Have you ever developed a friendship, only to find out later that your friend has moved on to bigger and better things, including you?
I’m sure most of us have experience that.
The problem is, some people treat friends like a commodity. And, like any other commodity that friendship wears out. Disillusionment follows, and sometimes bitterness, even hatred. It has always amazed me that a couple can be madly in love, and then end up in divorce--or contantly fighting like cats and dogs. Why is that?
The truth of the matter is that they really did not know each other, or over time one or both of them people change.
Sometimes one grows, while the other remains the high school jock he always was. Our interest change, also. Travel is a big factor in a missionaries life. Talking about the price of pork bellies and rise and fall of soy bean prices may interest Billy Bob Farmer, your old 4H sidekick when you were growing up in Podunk Hollow, as I did; but when you’ve traveled around the world more times than you can count (or at least it seems so) things like that just don’t make for a good conversation topic anymore. That doesn’t mean that you don’t like Old Billy Bob; it just means that you now have very little in common.
So, what’s the point in all this rambling?

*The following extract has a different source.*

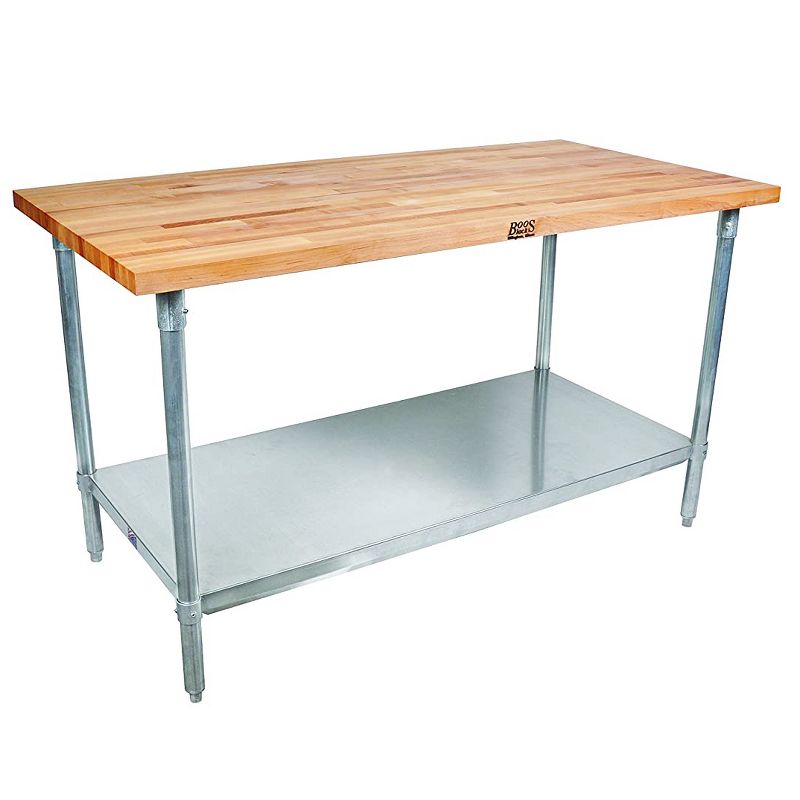 John Boos High-Quality Maple Wood Top Work Table with Adjustable Lower Shelf, 36 x 24 x 1.5 Inch, Galvanized Steel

The point is, we need to examine our friendships in light of all of these factors. It just may be that he or she was not the friend you thought you had.
Now, I’m not talking about the fellow that keeps looking over your shoulder at church council to see if he can spot someone with just a little more influence than you have so he can strike up a conversation with them. People like that are not friends, they’re opportunists. So, what is there to examine there?
Here are some tips on friendship that I have gleaned down through the years:
Friends are upfront with you. They tell you what they think.
Friends may disagree, but they are not disagreeable.
Friends don’t hold grudges. Not even secret ones.
Friends never take advantage of your friendship.
Friends never impose on you.
Friends never talk about you behind your back.
Friends never expect too much from you.
Friends confide in you.
Friends never break trust.
Friends stick up for you when you are right, and remind you when you are wrong.
Friends accept your spouse as part of the package in your friendship.
Friends are not jealous of your other friends.
Friends are not envious of your success or critical of your failures.
There are many more, but lastly I would like to mention that good friendships are cultivated and work on. Can you think of more?